Pictures with short captions
☆ ☆ ☆ ☆ ☆

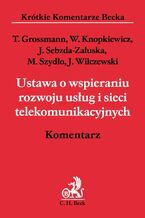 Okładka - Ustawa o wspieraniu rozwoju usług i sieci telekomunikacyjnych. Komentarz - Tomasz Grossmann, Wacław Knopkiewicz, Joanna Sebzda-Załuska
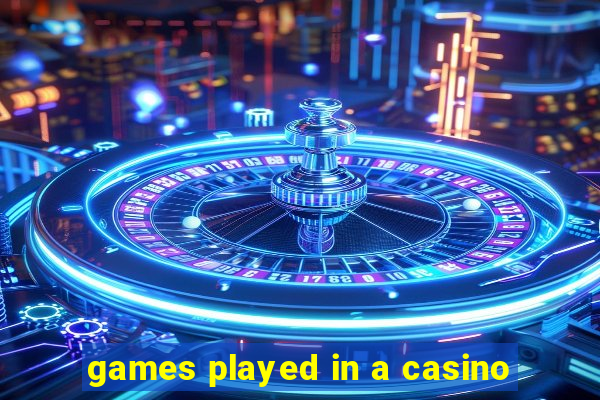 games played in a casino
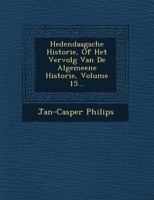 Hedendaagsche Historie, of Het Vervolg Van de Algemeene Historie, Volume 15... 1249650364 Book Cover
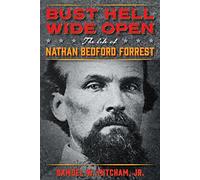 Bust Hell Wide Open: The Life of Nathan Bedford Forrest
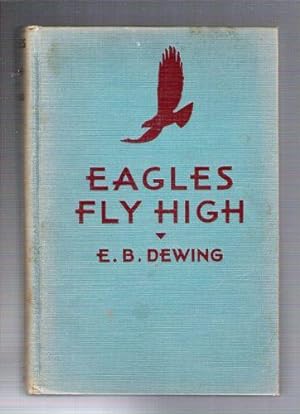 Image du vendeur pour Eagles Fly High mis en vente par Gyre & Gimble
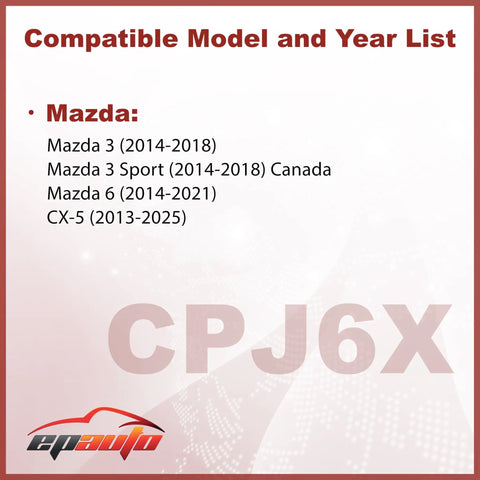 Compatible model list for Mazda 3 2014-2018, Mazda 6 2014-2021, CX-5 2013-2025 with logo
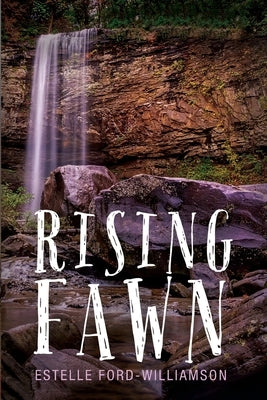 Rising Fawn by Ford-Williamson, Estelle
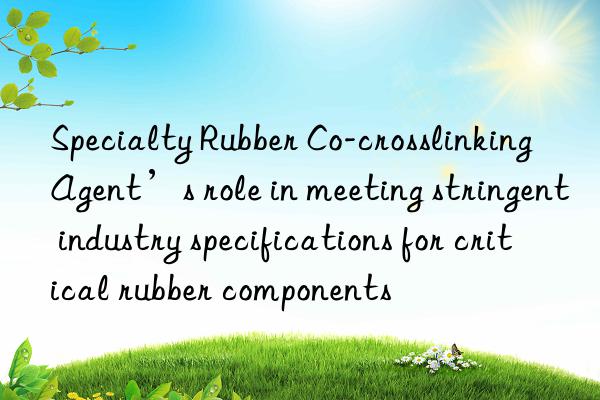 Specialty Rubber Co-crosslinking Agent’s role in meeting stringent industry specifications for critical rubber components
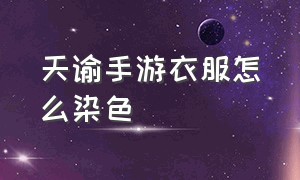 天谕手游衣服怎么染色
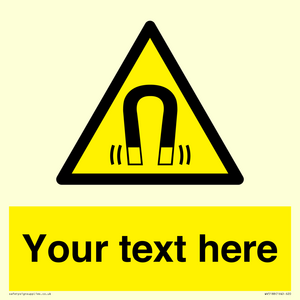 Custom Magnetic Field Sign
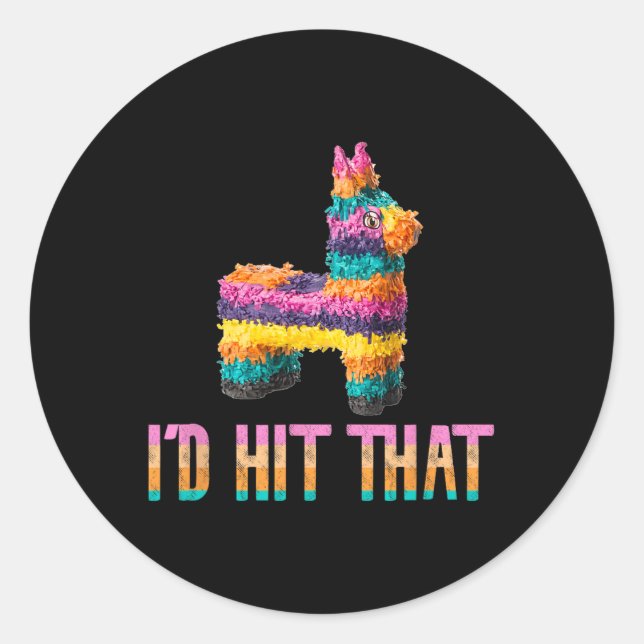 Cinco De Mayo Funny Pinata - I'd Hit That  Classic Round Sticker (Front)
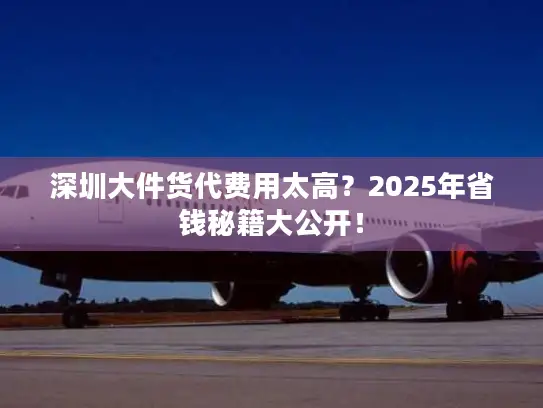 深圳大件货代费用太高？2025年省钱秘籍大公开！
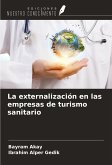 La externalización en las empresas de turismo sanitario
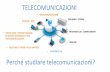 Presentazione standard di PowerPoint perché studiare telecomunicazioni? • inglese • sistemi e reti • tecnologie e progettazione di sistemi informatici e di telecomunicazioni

☆ ☆ ☆ ☆ ☆

Leaving the pictures out, transcribe the entries above exactly as written.

 Okładka - Ustawa o wspieraniu rozwoju usług i sieci telekomunikacyjnych. Komentarz - Tomasz Grossmann, Wacław Knopkiewicz, Joanna Sebzda-Załuska
 games played in a casino
 Hedendaagsche Historie, of Het Vervolg Van de Algemeene Historie, Volume 15... 1249650364 Book Cover
 Bust Hell Wide Open: The Life of Nathan Bedford Forrest
 Image du vendeur pour Eagles Fly High mis en vente par Gyre & Gimble
 Compatible model list for Mazda 3 2014-2018, Mazda 6 2014-2021, CX-5 2013-2025 with logo
 Rising Fawn by Ford-Williamson, Estelle
 Specialty Rubber Co-crosslinking Agent’s role in meeting stringent industry specifications for critical rubber components
 天谕手游衣服怎么染色
 Custom Magnetic Field Sign
 Cinco De Mayo Funny Pinata - I'd Hit That  Classic Round Sticker (Front)
 深圳大件货代费用太高？2025年省钱秘籍大公开！
 La externalización en las empresas de turismo sanitario
 Presentazione standard di PowerPoint perché studiare telecomunicazioni? • inglese • sistemi e reti • tecnologie e progettazione di sistemi informatici e di telecomunicazioni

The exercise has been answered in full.